Créée en juin 2022, cette production de La Bohème signée Floris Visser (reprise par Rachel Hewer) comporte un grand nombre d’atouts : le décor unique fort suggestif d’une ruelle pavée s’enfonçant dans un lointain obscur conçu par Dieuweke van Rej ; la lisibilité parfaite de l’intrigue, sa capacité de créer des situations pleines de vie avec une direction d’acteurs fourmillant de détails inventifs ; des jeux de lumière mis au point par Alex Brook (repris pas David Manion) avec une poésie infinie ; la somptuosité des costumes dessinés par Jon Morrell couvrant toutes les nuances du gris anthracite. L’ensemble produit des images saisissantes, autour de cette mort personnifiée qui hante le plateau et l’esprit de Mimi. Enfin une production qui mêle, dans un équilibre parfait, le Réalisme et l’Allégorique ! Nul doute que cette approche, conjointe à l’écrin constitué par cette salle aux proportions idéales, a favorisé une équipe vocale comportant de jeunes chanteurs à l’aube de leur carrière internationale – le credo de Stephen Langridge, directeur artistique du festival.

Ici, la somme vaut plus que le détail. Presque tous les chanteurs jouent comme ils respirent, interagissent les uns envers les autres au service du drame, sans chercher à tirer la couverture à soi. L’œuvre de Puccini ressort dans une forme de simplicité musicale qui va droit au cœur. Inévitable revers de cette médaille pourtant hautement précieuse : certains interprètes révèlent leurs limites face au souvenir d’interprètes fameux autrement plus aguerris.
Le colombien Andrès Agudelo, passé entre autres par le conservatoire de Paris et l’opéra studio de Munich, possède ainsi une tierce aiguë valeureuse et produit des efforts méritoires pour phraser. Mais le bas médium manque encore de corps et l’émission joue davantage sur la densité du timbre que sur les harmoniques aiguës. A plusieurs reprises, il semble également manquer de réserves pour les grands arcs pucciniens. Sans un soutien totalement abouti en l’état actuel, ses piani ont aussi tendance à disparaître, ce qui frappe sur la conclusion du duo « in un coupé » avec Marcello : là où le baryton réalise un diminuendo parfaitement conduit sur le souffle jusqu’à un véritable piano timbré et sonore, la voix d’Agudelo s’évanouit proprement et simplement. La présence manque encore sans doute de naturel et d’implication. Un chanteur encore un peu vert, donc, mais qui accomplit tout de même un parcours honorable.

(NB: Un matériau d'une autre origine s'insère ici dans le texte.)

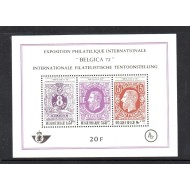 Belgia 1970 - Timbru pe timbru, Expo Belgica, colita neuzata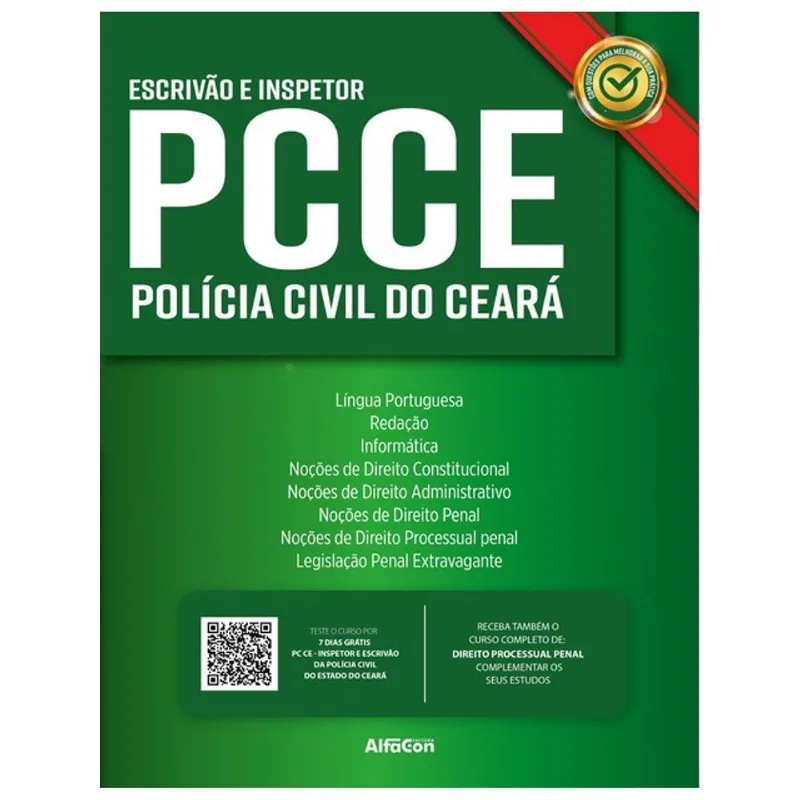 PCCE - ESCRIVÃO E INSPETOR DA POLÍCIA CIVIL DO CEARÁ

A l’inverse, Aksel Daveyan propose un Marcello de rêve, avec une force émotionnelle, une aisance scénique, une splendeur de timbre et une assurance technique qui le prédisposent à dépasser au plus vite les Yamadori, Ottokar, Moralès, Sciarrone et autres seconds rôles qu’il a normalement fréquentés jusqu’ici. Avec lenteur mais détermination, les premiers rôles belcantistes lui tendent les bras (Riccardo des Puritani, Malatesta, Enrico dans Lucia, Belcore, Dandini) mais aussi le répertoire mozartien (le Conte, Don Giovanni, Guglielmo) et, pourquoi pas, dans un second temps, les barytons du premier Verdi (Francesco des Masnadieri, Giacomo dans Giovanna d’Arco, Belfiore dans Un Giorno di Regno). Sa voix mordante, son timbre capiteux, son sens de la ligne comme des nuances et son investissement théâtral y feront merveille : nous lui souhaitons donc de rencontrer sur sa route des responsables compétents qui l’engageront au plus vite – mais avec le sens de la mesure ! Piano, sano, lontano.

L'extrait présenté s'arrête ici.